Porém, não existe ainda consenso na comunidade científica.
O enigma continua por desvendar.
Apesar de ter sido captada em 1995, só agora a intrigante fotografia
de uma mancha de água "fluorescente" foi publicada no jornal "Proceedings
of the National Academy
of Sciences". A imagem, tirada pelo satélite de Defesa e Investigação
Metereológica dos Estados Unidos, mostra uma mancha de água
azul ao largo da costa da Somália.
Esta mancha luminosa, com 250 km de largura, foi observada em três
noites consecutivas durante o mês de Janeiro, fenómeno que chamou
a atenção da comunidade científica
mundial.
A ocorrência deste estranho facto já remonta ao século
XIX, chegando a merecer as atenções de escritores como Júlio
Verne, que no clássico "Vinte Mil Léguas Submarinas" caracterizou
aquela água que «brilhava na escuridão» como um
«mar de leite» .
Após a publicação das imagens, o "mar fluorescente"

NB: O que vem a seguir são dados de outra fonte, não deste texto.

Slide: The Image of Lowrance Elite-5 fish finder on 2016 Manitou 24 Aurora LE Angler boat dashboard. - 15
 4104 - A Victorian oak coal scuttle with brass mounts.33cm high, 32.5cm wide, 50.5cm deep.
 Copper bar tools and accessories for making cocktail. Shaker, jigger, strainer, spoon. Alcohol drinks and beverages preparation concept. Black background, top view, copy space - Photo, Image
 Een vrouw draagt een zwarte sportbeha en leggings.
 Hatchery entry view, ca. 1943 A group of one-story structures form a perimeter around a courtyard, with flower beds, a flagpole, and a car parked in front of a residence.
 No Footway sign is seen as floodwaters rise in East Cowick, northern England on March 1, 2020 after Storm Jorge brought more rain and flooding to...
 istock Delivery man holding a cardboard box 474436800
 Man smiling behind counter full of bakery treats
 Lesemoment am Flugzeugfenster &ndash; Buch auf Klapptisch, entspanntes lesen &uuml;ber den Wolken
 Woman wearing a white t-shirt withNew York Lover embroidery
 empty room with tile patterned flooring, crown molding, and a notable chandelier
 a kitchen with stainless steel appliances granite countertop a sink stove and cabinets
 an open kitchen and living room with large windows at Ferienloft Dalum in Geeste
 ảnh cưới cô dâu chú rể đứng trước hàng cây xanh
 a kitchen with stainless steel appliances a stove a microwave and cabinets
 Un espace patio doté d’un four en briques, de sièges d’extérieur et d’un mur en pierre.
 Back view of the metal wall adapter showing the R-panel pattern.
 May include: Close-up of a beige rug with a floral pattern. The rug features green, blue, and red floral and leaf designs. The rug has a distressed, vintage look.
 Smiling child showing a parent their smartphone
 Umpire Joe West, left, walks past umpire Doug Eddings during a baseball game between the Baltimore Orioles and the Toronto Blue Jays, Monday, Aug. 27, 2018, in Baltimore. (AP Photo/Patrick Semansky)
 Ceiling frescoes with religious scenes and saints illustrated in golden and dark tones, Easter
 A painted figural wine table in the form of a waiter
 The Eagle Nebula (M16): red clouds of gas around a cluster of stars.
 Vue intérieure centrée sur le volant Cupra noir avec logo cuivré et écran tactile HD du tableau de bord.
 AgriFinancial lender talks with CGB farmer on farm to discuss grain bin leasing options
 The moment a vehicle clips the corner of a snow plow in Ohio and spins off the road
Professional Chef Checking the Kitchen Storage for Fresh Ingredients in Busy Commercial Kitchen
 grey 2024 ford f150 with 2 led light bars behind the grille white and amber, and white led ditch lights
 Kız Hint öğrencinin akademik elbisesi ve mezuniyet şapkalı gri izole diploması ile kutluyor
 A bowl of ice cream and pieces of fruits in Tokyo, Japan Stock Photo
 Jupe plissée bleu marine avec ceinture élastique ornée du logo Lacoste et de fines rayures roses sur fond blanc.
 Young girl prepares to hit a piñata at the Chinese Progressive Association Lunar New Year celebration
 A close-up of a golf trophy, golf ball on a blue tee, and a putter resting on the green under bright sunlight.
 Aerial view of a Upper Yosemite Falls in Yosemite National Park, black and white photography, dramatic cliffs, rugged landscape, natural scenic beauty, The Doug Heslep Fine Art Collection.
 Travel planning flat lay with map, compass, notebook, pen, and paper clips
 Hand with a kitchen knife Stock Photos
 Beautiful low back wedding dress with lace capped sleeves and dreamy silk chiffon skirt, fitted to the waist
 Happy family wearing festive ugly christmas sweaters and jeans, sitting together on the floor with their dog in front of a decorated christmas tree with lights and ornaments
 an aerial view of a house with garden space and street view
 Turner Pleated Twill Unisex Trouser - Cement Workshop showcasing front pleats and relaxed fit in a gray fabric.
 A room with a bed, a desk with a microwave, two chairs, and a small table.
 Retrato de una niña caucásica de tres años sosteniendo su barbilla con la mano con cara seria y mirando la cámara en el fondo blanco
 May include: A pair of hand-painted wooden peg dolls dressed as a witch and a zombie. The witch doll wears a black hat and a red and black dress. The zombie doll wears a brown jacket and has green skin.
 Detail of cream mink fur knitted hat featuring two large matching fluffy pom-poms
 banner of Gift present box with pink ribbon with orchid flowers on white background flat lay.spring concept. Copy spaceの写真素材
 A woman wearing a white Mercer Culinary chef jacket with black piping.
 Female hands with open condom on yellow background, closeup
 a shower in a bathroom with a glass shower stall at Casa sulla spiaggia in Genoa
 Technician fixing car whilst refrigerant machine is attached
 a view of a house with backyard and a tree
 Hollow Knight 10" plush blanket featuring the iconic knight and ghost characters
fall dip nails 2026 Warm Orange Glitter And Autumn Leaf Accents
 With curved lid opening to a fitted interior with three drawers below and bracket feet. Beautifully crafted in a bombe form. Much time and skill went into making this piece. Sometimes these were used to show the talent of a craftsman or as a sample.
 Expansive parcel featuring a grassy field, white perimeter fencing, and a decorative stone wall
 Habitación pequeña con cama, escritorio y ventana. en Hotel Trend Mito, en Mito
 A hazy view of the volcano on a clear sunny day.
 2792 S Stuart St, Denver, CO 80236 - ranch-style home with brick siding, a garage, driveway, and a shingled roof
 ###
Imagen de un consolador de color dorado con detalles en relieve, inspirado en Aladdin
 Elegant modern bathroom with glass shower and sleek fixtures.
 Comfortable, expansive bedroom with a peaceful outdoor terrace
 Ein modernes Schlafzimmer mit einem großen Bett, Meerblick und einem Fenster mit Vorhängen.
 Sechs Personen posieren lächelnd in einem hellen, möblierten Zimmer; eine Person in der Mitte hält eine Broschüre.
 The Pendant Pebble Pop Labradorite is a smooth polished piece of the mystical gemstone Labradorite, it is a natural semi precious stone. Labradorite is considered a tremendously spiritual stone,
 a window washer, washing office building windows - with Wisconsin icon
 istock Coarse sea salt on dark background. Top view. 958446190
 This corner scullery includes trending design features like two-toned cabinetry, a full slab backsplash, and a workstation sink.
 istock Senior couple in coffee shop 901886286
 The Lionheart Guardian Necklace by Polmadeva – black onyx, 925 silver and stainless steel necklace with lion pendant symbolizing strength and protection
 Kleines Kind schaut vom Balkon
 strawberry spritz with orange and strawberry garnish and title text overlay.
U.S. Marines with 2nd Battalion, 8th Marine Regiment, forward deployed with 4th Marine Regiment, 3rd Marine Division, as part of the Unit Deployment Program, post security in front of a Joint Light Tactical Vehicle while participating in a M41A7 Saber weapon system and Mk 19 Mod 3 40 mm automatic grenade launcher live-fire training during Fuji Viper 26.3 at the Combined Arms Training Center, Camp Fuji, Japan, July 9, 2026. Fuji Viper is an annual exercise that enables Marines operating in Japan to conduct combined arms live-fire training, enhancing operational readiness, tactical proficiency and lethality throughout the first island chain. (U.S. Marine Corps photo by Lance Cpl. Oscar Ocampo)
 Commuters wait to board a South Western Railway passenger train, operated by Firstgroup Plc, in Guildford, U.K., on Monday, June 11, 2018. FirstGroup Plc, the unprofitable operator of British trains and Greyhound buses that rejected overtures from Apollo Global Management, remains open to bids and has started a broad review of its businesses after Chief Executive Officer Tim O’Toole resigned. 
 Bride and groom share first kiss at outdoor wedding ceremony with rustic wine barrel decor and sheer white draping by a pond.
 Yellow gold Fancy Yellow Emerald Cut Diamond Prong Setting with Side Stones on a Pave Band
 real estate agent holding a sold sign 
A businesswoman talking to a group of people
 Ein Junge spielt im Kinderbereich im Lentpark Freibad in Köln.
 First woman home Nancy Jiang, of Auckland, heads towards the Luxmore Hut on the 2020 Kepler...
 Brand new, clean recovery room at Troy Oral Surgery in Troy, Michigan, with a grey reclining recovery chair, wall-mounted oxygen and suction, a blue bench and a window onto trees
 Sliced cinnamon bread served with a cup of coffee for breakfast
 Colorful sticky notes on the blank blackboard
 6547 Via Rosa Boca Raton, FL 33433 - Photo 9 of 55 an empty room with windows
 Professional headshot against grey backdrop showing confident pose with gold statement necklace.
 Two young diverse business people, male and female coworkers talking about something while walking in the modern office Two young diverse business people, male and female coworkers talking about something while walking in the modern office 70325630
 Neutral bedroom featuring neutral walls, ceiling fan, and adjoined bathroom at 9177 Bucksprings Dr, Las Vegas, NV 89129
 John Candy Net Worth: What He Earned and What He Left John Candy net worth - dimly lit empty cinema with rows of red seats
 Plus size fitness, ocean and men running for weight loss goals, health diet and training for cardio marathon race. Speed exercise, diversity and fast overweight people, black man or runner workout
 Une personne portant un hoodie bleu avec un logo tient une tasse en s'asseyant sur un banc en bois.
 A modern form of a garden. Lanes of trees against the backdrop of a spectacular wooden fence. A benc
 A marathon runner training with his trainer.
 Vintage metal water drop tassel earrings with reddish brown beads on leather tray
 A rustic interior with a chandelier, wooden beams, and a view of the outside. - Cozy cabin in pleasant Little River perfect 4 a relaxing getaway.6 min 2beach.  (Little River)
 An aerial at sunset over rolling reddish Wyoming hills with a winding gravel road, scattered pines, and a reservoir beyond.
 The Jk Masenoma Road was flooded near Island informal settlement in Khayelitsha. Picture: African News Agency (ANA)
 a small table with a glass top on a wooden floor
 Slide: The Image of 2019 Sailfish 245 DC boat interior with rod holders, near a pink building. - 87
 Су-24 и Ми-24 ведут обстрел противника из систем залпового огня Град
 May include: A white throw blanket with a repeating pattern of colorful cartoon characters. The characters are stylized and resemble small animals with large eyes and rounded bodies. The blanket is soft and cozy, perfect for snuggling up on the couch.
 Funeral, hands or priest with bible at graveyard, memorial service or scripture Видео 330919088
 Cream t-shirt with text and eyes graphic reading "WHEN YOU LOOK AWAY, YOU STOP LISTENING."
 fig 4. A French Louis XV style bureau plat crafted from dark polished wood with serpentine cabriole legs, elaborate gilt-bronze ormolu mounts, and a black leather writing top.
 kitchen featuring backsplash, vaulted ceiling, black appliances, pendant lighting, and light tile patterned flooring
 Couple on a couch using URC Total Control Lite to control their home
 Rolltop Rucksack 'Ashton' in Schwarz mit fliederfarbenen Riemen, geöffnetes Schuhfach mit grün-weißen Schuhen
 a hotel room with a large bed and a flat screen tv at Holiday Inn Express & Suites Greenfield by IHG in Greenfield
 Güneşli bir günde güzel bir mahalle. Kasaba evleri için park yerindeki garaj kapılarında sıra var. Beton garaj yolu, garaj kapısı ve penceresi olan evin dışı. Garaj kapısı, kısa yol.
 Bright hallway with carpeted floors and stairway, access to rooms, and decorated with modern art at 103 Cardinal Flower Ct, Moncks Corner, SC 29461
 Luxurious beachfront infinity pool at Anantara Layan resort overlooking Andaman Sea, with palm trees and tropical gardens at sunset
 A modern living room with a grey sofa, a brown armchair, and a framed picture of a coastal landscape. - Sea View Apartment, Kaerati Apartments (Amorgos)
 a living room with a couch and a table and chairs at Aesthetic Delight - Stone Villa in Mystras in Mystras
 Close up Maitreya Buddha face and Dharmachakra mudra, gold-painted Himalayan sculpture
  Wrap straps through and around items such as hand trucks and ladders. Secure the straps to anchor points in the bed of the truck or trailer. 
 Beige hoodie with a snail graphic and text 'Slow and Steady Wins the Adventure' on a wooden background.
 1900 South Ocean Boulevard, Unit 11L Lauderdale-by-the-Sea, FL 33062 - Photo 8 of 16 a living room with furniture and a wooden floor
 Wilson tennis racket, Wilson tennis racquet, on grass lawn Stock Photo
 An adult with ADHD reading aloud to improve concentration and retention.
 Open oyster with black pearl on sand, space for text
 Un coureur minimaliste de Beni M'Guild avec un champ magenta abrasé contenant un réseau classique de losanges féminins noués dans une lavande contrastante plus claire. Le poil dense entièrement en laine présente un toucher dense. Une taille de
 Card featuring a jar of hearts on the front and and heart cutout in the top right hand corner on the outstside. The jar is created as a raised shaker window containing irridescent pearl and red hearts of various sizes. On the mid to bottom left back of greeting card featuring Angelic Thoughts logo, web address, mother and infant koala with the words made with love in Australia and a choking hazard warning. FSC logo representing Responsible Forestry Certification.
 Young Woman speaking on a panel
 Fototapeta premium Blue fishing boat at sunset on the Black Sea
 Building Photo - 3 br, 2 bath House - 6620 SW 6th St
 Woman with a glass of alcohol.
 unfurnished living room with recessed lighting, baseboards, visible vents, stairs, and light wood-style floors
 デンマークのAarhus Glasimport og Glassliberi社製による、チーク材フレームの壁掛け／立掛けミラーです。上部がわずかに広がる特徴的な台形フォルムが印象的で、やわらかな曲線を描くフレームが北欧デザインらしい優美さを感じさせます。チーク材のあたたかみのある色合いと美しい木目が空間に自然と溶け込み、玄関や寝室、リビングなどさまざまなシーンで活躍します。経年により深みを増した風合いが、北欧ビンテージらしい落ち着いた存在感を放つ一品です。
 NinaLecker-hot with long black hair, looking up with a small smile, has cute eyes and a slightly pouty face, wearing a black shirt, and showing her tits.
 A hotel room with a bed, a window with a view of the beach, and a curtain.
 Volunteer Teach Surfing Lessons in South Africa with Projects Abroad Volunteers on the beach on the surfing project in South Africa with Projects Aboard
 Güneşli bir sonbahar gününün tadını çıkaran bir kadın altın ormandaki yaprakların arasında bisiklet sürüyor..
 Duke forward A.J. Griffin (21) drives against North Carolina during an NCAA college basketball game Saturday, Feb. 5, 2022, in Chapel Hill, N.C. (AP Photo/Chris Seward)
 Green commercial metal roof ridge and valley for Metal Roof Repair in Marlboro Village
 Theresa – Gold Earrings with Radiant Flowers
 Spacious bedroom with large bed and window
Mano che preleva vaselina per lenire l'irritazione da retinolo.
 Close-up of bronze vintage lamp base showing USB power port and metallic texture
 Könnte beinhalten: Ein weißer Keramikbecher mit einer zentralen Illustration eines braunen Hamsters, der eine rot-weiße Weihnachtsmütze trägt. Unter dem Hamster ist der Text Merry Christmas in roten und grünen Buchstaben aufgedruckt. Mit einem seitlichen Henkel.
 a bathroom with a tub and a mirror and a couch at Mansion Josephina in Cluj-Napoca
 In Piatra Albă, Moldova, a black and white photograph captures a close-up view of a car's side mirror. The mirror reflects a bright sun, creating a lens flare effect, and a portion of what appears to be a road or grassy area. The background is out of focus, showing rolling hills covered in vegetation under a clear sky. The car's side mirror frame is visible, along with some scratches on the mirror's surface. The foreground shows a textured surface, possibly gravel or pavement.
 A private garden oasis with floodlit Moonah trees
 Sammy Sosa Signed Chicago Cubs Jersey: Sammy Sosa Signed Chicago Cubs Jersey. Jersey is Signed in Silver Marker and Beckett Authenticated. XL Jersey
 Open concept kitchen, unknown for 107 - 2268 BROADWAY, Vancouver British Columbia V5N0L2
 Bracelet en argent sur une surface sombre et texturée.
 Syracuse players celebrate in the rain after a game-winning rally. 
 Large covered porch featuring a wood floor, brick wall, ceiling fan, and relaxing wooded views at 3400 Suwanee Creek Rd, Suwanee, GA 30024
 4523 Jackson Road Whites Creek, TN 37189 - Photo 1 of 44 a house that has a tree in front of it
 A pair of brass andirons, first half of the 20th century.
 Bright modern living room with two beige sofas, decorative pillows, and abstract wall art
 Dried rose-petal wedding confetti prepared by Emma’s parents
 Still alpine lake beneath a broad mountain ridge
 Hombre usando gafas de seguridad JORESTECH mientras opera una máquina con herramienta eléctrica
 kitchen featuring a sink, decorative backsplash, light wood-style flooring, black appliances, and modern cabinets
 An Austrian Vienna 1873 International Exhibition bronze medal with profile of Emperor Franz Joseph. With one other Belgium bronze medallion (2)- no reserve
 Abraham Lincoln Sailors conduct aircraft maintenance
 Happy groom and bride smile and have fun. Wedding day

ao largo da costa africana voltou a intrigar os cientistas quanto à
explicação deste fenómeno.
Porém, para Steve Miller, do Laboratório de Investigação
Naval da Califórnia, existe uma explicação plausível.
Aquele investigador atribuiu a causa deste mistério à
existência um tipo de bactéria (nome científico, Vibrio
harveyi) que vive associada às algas marinhas. Citado pelo "El Mundo",
Miller confirmou que este peculiar brilho nas
águas, visível a 800 Km de distância, pode ser
explicado pela existência de «uma população extraordinariamente
grande destas bactérias» , justificou. Ainda assim, a discussão
em torno deste fenómeno da Natureza promete continuar.